Extracted records:
+++
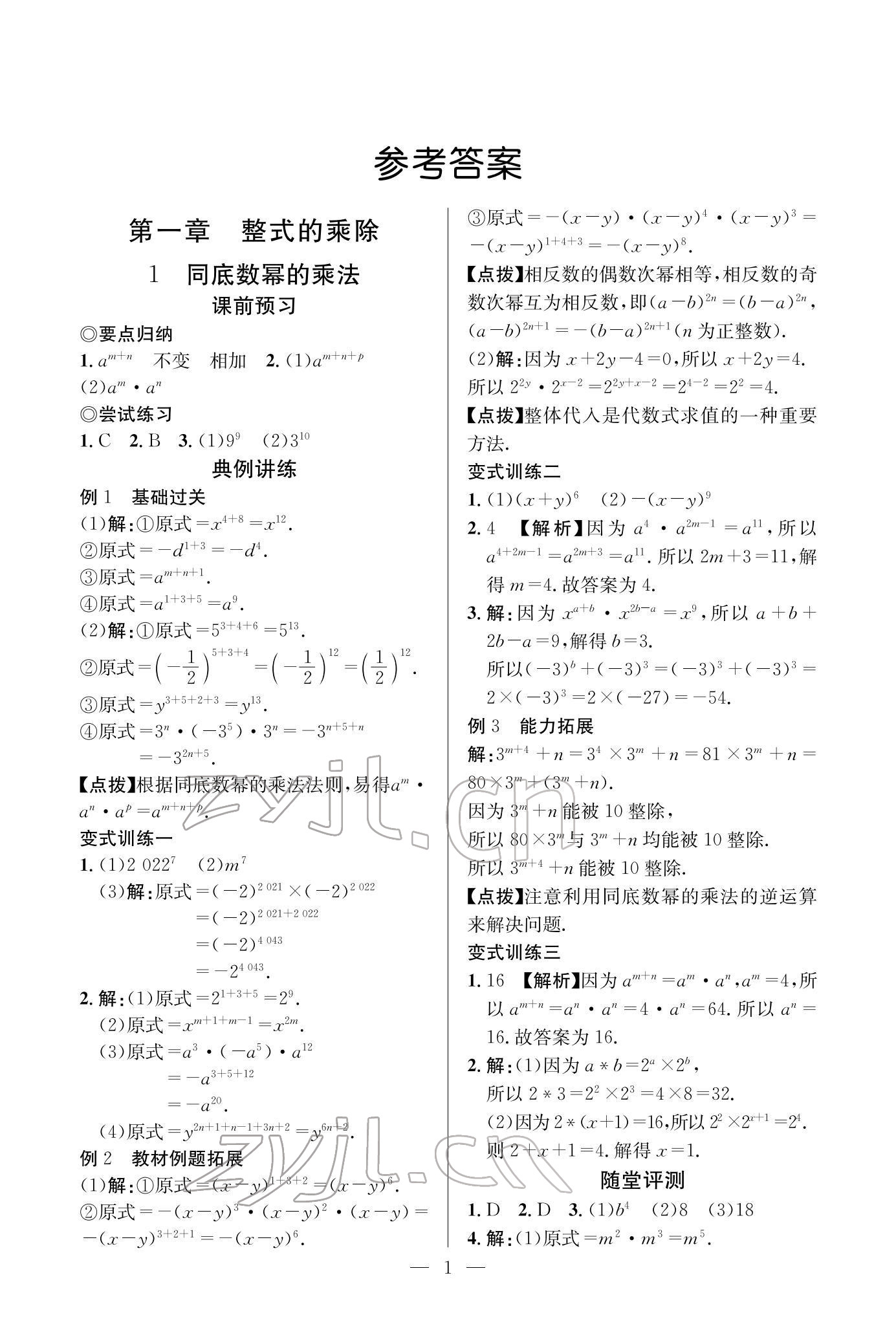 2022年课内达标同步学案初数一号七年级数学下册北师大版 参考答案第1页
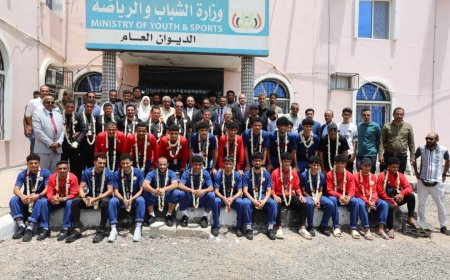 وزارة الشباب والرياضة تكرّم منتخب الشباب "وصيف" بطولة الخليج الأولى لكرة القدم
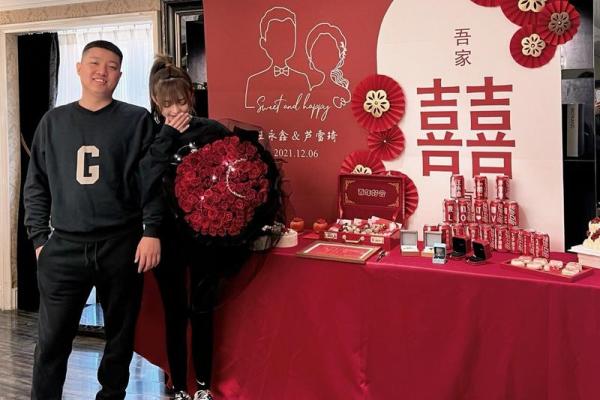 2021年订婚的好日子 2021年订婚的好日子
+++
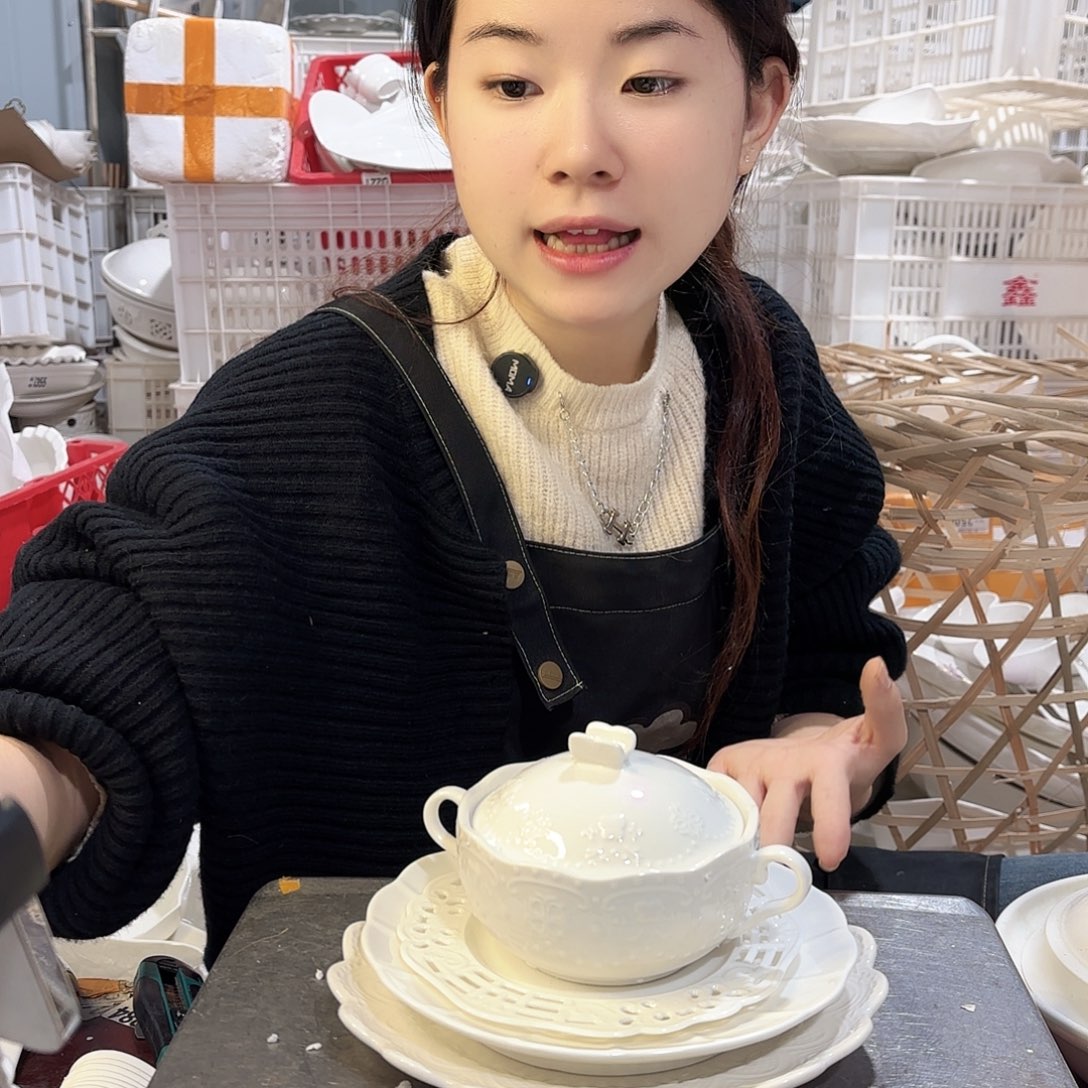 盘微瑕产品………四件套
+++
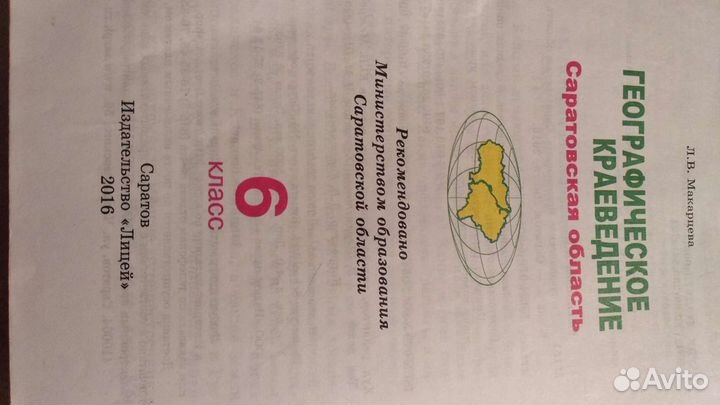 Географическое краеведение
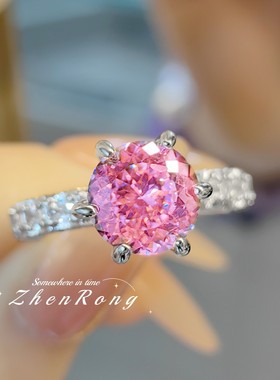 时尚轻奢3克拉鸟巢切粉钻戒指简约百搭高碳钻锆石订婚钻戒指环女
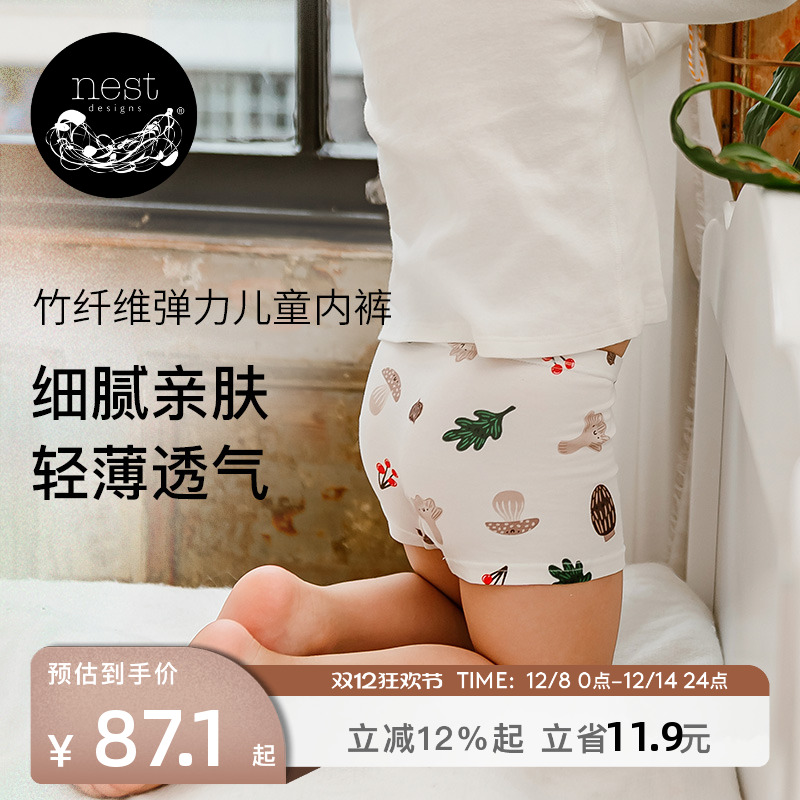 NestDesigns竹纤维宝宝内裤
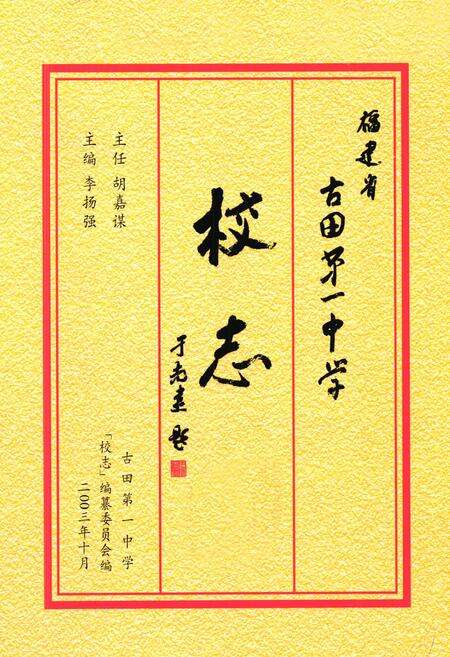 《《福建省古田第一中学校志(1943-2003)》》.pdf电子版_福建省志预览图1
+++
Task requirements: Write back the stretch of lines above that begins with the line holding "2022年课内达标同步学案初数一号七年级数学下册北师大版 参考答案第1页" and ends with the line holding "2021年订婚的好日子 2021年订婚的好日子", both included, exactly as written. Pictures stay out.

Output for this task:
 2022年课内达标同步学案初数一号七年级数学下册北师大版 参考答案第1页
 وزارة الشباب والرياضة تكرّم منتخب الشباب "وصيف" بطولة الخليج الأولى لكرة القدم
 2021年订婚的好日子 2021年订婚的好日子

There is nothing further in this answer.